Bejaia è la maggior cittadina della Cabilia, la culla della civiltà berbera, un regione dove il risentimento verso il governo è sempre stato alto. Ma quello del 5 aprile non è stato un incidente isolato. Nel solo Paese della sponda sud del Mediterraneo, insieme al Marocco, a non esser stato travolto dal vento della primavera araba sta crescendo un malcontento sempre più tangibile verso l'elite al potere. Una sensazione di frustrazione, rassegnazione e rabbia che in alcuni casi sta sfociando in manifestazioni di protesta , tutte prontamente represse dalle forze dell'ordine. Esprimere collettivamente il dissenso contro il potere in Algeria è un atto raro, e poco gradito .

Un po' su tutto il territorio del Paese più esteso dell'Africa, con una superficie di 2,4 milioni di chilometri quadrati (quasi otto volte l'Italia) sono tutti, o quasi, consapevoli che le prossime elezioni presidenziali – giovedì - sono già la cronaca di una vittoria annunciata: quella di Bouteflika.

Salito al potere nelle elezioni del 1999, 77 anni, l'uomo che ha il merito di aver posto fine alla sanguinosa guerre civile (1991-1999) costata la vita a 150mila persone, è poi stato riconfermato nel 2004 e nel 2009. In quest'ultimo voto ha raccolto il 90% dei consensi.
Nell'aria da tempo, l'ultima candidatura di Bouteflika è stata formalizzata ufficialmente lo scorso marzo ed ha scatenato critiche ancor più accese dall'opposizione a causa delle precarie condizioni di salute del presidente.
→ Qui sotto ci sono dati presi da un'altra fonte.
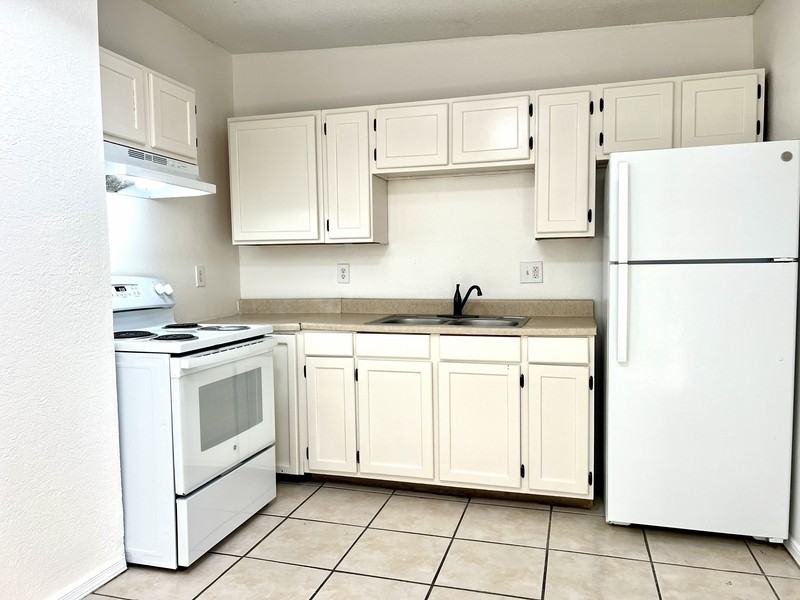 4512 Arlen Ave - Photo 3 of 12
Colpito l'anno scorso da un attacco ischemico, curato per tre mesi a Parigi, Bouteflika è definito dai suoi avversari un candidato fantasma. In tutta la lunga campagna elettorale è apparso solo due volte in televisione. Sabato scorso e due settimane fa quando, in occasione della visita del Segretario di stato americano John Kerry ad Algeri, l'anziano presidente è rimasto seduto per molto tempo seduto. Il suo discorso di benvenuto si udiva a fatica, tanto la sua voce era flebile e provata.

La pervicacia con cui ha voluto restare in sella al potere ha però avuto due importanti - e inattesi - effetti collaterali. Le forze dell'opposizione, storicamente divise tra partiti islamici e "laici", hanno forgiato una sorta di alleanza anti governativa, chiamando entrambe per il boicottaggio delle elezioni. L'Elite al potere, conosciuta per essere un monolite difficile da scalfire , ha invece mostrato i primi segni di divisione. In un paese dove l'esercito,"Le Pouvoir", raramente esprime la sua voce in pubblico, i media locali hanno riportato le critiche manifestate da alcuni ex ufficiali di alto grado, ormai ritirati, verso Bouteflika. Un fatto inusuale. Come lo è la neutralità nella campagna elettorale dichiarata da altri vertici militari ad alcuni media privati.